Decreased recent adaptation at human mendelian disease genes as a possible consequence of interference between advantageous and deleterious variants

  1. Chenlu Di
  2. Jesus Murga Moreno
  3. Diego F Salazar-Tortosa
  4. M Elise Lauterbur
  5. David Enard  Is a corresponding author
  1. University of Arizona Department of Ecology and Evolutionary Biology, United States
  2. Institut de Biotecnologia i de Biomedicina and Departament de Genètica i de Microbiologia, Universitat Autònoma de Barcelona, Spain
9 figures, 2 tables and 1 additional file

Figures

Potential confounding factors in disease versus non-disease genes.

Each potential confounding factor is detailed in the Materials and methods. For each confounding factor, the boxplot shows on the y-axis the ratio of the average factor value for disease genes, divided by the average factor value for non-disease genes. The boxplot error bars are obtained by calculating the ratio 1000 times, each time by randomly sampling as many non-disease genes as there are disease genes.

Average strength of deleterious nonsynonymous variants in disease vs control genes.

The average strength of deleterious nonsynonymous variants was measured using GRAPES with the DisplGamma distribution of fitness effects, which gave the best fit to disease and control sets. The histogram represents 100 control sets. The red line represents the average strength of deleterious nonsynonymous variants in mendelian disease genes (2Ns=-1241).

Deficit of iHS and nSL sweep signals at mendelian disease genes.

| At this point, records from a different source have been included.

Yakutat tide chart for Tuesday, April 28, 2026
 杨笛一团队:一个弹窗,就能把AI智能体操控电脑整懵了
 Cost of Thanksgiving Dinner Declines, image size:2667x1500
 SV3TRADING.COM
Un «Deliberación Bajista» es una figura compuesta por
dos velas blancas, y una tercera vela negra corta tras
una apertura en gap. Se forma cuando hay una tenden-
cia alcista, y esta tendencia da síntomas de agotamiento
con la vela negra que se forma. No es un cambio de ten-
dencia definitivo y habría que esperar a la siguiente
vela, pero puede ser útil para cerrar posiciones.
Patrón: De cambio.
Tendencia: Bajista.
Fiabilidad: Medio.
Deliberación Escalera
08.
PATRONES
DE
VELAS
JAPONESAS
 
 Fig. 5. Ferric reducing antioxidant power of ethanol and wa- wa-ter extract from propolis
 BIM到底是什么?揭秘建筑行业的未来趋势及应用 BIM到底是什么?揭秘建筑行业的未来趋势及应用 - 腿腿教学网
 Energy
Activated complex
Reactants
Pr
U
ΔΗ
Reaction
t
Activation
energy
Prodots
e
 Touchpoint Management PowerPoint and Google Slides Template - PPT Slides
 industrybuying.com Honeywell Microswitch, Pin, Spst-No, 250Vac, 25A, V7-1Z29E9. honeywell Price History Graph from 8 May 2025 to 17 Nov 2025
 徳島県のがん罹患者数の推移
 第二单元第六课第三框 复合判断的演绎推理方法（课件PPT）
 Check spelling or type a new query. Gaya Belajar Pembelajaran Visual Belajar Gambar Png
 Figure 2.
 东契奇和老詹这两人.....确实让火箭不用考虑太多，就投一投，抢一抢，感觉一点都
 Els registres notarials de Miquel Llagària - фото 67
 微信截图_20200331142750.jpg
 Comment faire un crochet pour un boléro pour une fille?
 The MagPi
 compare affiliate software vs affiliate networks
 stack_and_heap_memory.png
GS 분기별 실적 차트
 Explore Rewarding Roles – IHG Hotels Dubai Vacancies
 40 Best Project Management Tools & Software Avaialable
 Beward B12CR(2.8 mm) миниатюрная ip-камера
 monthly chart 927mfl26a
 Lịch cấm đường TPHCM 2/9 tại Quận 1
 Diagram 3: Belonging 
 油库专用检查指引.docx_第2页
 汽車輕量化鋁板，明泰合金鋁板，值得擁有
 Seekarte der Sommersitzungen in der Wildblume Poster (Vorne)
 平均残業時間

The figure shows the averaged whole enrichment curves and their averaged confidence intervals from the bootstrap test, averaged over both iHS and nSL sweep ranks, and over all the populations from each continent (Materials and methods). The y-axis represents the relative sweep enrichment at disease genes, calculated as the number of disease genes in putative sweeps, divided by the number of control non-disease genes in putative sweeps. The gray areas are the 95% confidence interval for this ratio. The number of genes in putative sweeps is measured for varying sweep rank thresholds. For example, at the top 100 rank threshold, the relative enrichment is the number of disease genes within the top 100 genes with the strongest sweep signals (either according to iHS or nSL), divided by the number of control non-disease genes within the top 100 genes with the strongest sweep signals. We use genes ranked by iHS or nSL using 200 kb windows, since 200 kb is the intermediate size of all the window sizes we use (50 kb, for the smallest, 1000 kb for the largest; see Materials and methods). (A) Africa, average over the ESN, GWD, LWK, MSL, and YRI populations from the 1000 Genomes Project. (B) East Asia, average over the CDX, CHB, CHS, JPT, and KHV populations. (C) Europe, average over the CEU, FIN, GBR, IBS, and TSI populations.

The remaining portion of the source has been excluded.